- Information provided -
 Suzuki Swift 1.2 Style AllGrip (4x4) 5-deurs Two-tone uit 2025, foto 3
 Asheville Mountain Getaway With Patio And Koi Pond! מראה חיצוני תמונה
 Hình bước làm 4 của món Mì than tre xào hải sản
--
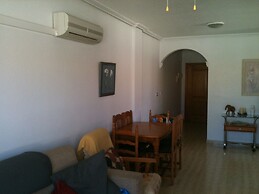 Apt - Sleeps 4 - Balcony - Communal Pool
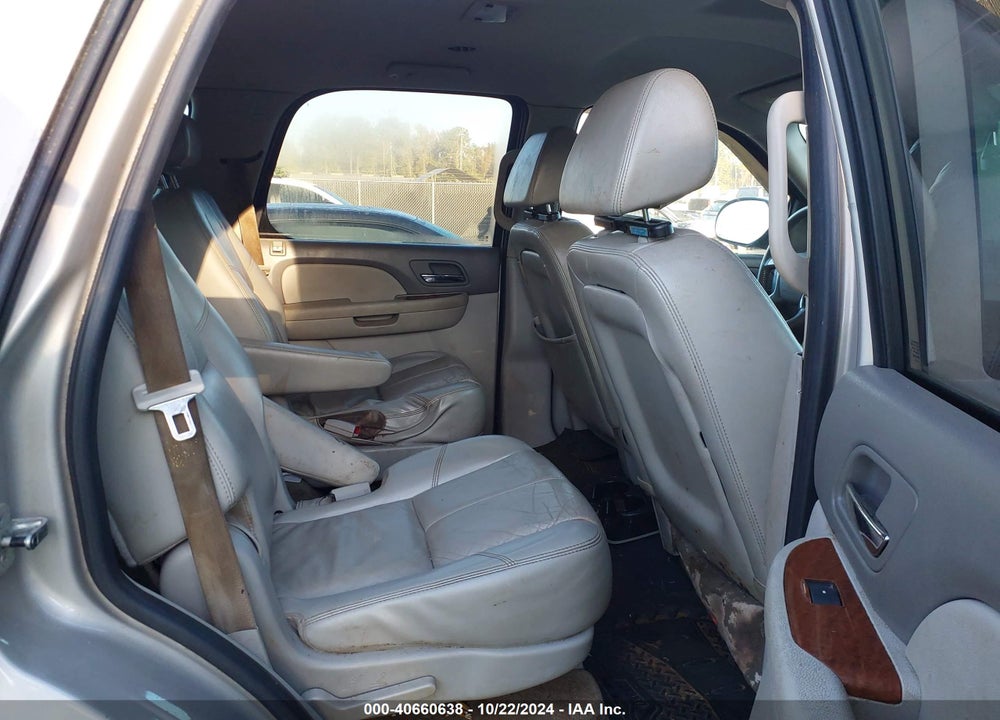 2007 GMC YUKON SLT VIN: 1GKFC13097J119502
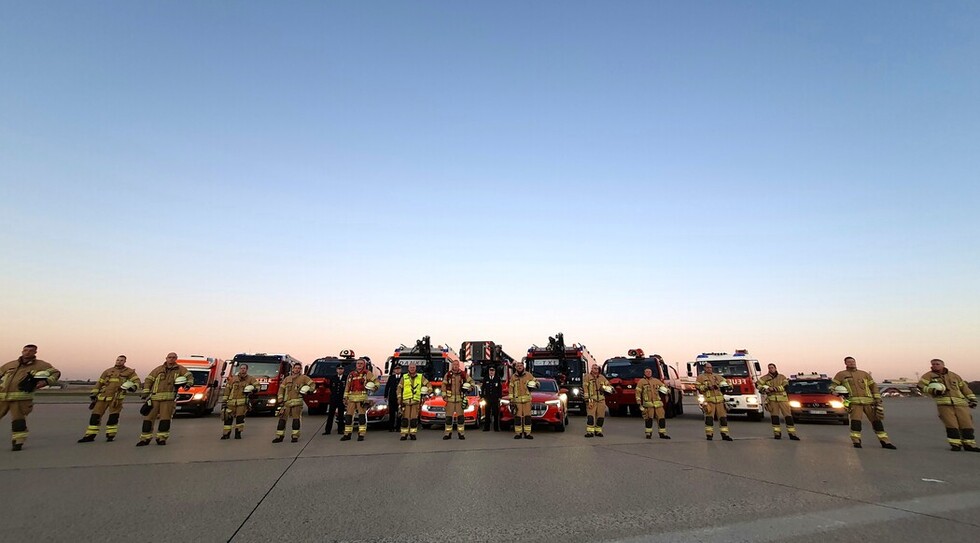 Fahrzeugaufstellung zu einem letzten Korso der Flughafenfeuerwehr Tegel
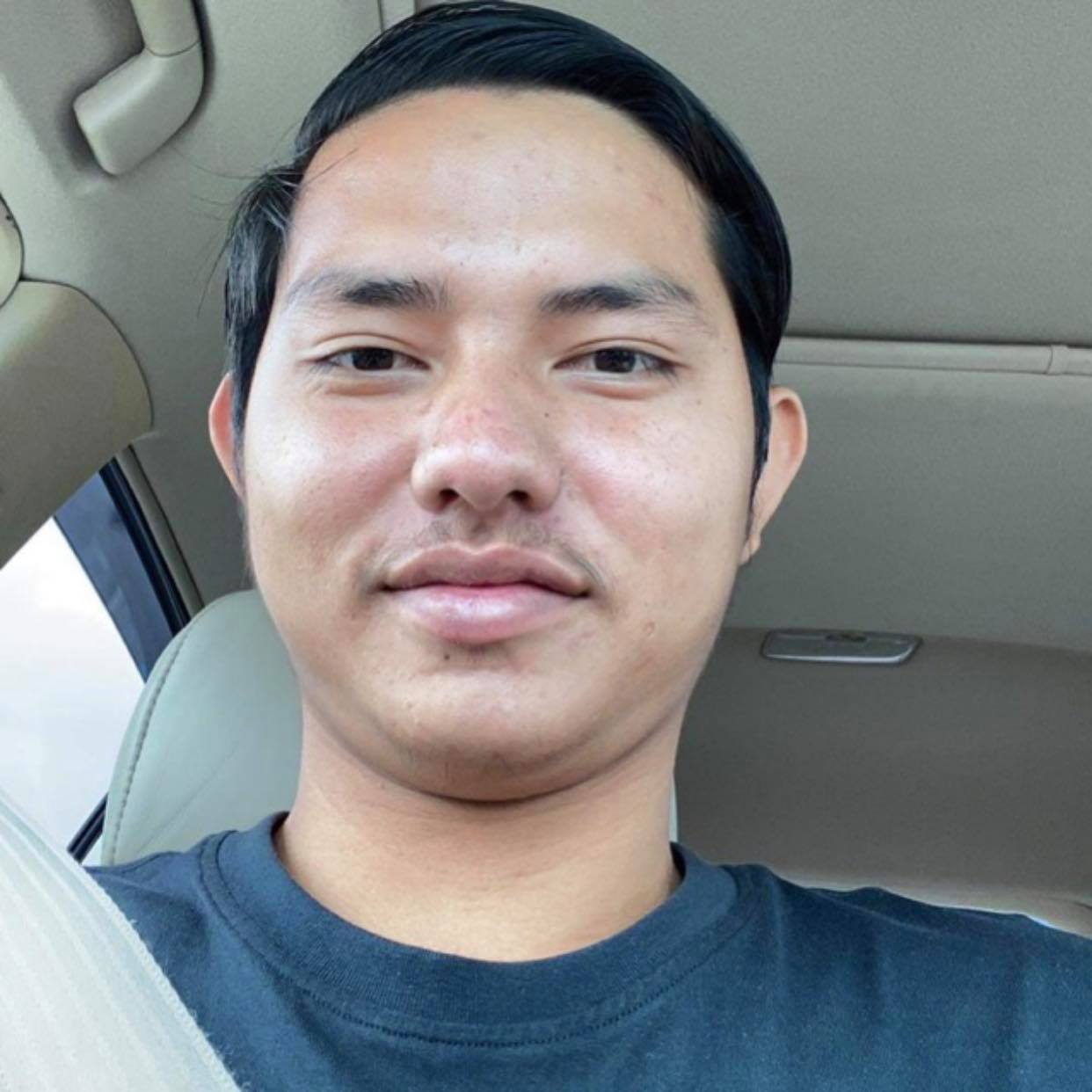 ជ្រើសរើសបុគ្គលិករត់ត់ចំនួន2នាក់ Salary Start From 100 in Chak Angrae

- Problem statement -
Above are the entries. Output exactly the lines beginning with the line that has "Suzuki Swift 1.2" and ending with the line that has "Hình bước làm".

- Task output -
 Suzuki Swift 1.2 Style AllGrip (4x4) 5-deurs Two-tone uit 2025, foto 3
 Asheville Mountain Getaway With Patio And Koi Pond! מראה חיצוני תמונה
 Hình bước làm 4 của món Mì than tre xào hải sản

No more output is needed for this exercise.